Thursday, June 26, 2008

A World Removed (thoughts on glacier)...

Crown of the Continent.
It's another name for Glacier National Park in Montana.

It's all kind of weird. I think that I had just come to an exuberant love of the city (more specifically - Philadelphia). I love the fact that there are people everywhere. I kind of half expect life with Jesus to be like that (what, with one glorious city and all). I love the fact that I can take my bike onto the train to ride to work. I love the fact that I can walk down the street to buy the sandwich.

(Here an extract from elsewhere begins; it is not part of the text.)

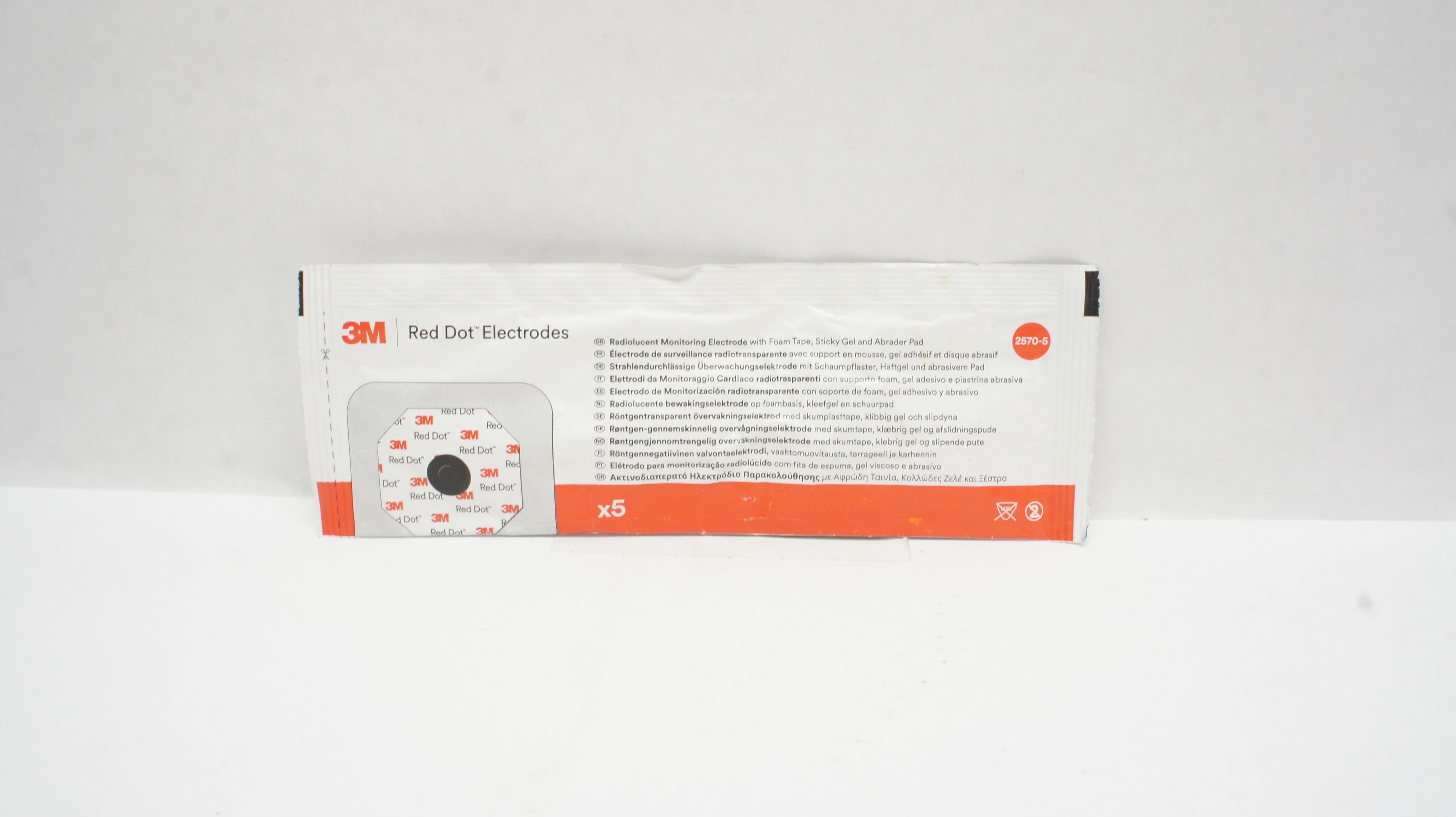 3M 2570-5 Red Dot Radiolucent Monitoring Electrode (x) - Pack of 5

Montana was something different though. It wasn't just was wild. Literally, Glacier is said to have some of the most pristine and still untouched wilderness on our continent. There has not been a place that has gripped my core like Montana did, and it has really been hard to get over the experience of just being there.

We visited a few places - we stuck it out in Kalispell while waiting for Laura's folks (unfortunately, they had a 12 hour flight delay). We checked out Whitefish, which was more or less a touristy ski town. We bought groceries in Columbia Falls.

Nothing, however, matched the view we had when we awoke in the morning. The view on the top of this blog is Lake McDonald. The time is around 4:30 in the morning - we were on our way home.

The sun didn't set until after 11:00 pm.

Most mornings, by the time I was out of bed, it was already impossibly bright outside. I would step out into the crisp June air (this isn't a typo or a misplaced colloquialism - it snowed in Montana the day before we arrived in Montana) and took in a deep breath of mountain, spruce, wildflower and glacier. The abundance of wildlife was incredible (to include flora). I've never seen so many deer in my collective life as I did while just hiking the park.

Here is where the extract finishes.